Output the full listing below exactly, without the pictures.

GIVEN INFORMATION:
☆ ☆ ☆ ☆ ☆ ☆ ☆
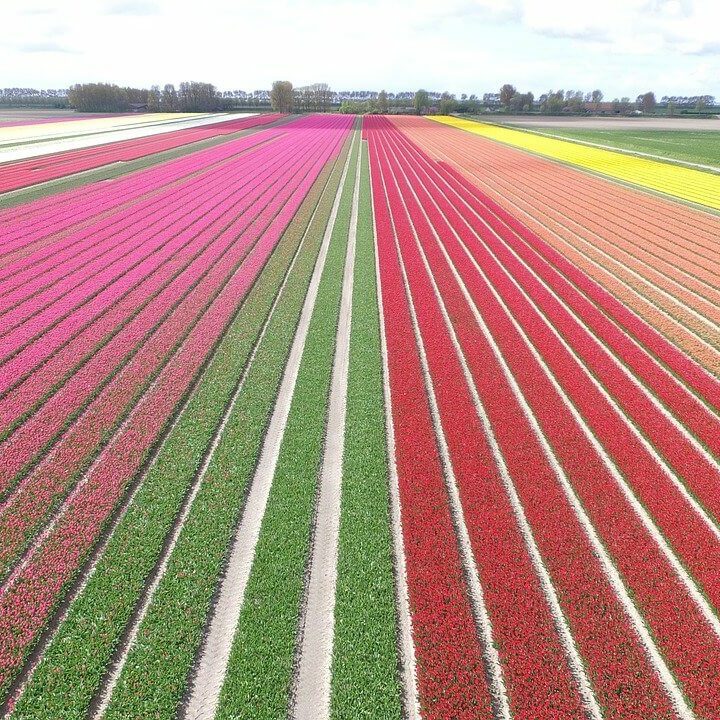 Tulpenfelder Holland
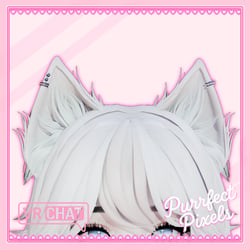 Purrfect Cat Set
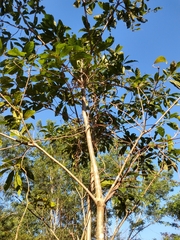 Cordia alliodora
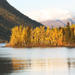 5-Day Golden Aurora Circle: Yukon and Alaska Summits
☆ ☆ ☆ ☆ ☆ ☆ ☆
YOUR RESPONSE:
 Tulpenfelder Holland
 Purrfect Cat Set
 Cordia alliodora
 5-Day Golden Aurora Circle: Yukon and Alaska Summits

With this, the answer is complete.